Honors College Theses

Publication Date

11-5-2020

Major

History (B.A.)

Document Type and Release Option

Thesis (open access)

Faculty Mentor

Dr. James Todesca

Abstract

During the fifth century, many Germanic peoples in Roman service assumed control over vast swathes of the Western Empire. Among these peoples were the Franks, who lend their name to the modern European nation of France. Thus, a question arises regarding how this came to be: how did illiterate tribes from Germania create a culture of their own that supplanted the Romans? Through an analysis of Frankish legal texts like the Lex Salica and the Capitularies of Charlemagne, this paper argues that the Franks forged their own identity by first formalizing their Germanic customs in the early sixth century and then by imposing more sweeping laws in the eighth and ninth centuries that portrayed them as champions of Christianity.

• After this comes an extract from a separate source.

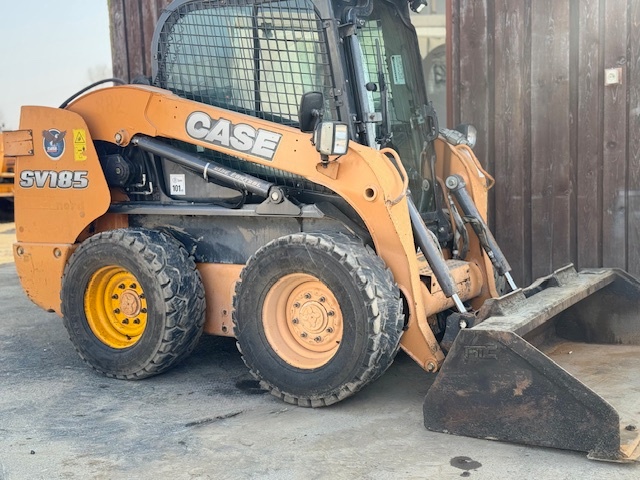 Smykový kolový nakladač Case SV185 - 7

Ultimately, through the use of these institutions, the Franks instilled in themselves and their neighbors the idea of what it meant to be Frankish and established arguably the greatest successor state in the western Roman provinces.

Thesis Summary

The Germanic Franks of the fifth century assumed control of Gaul, and through their writing of customary tribal law of the Lex Salica, and later the capitularies of Charlemagne that extended over all the peoples they conquered, they created an identity based on the Christian faith.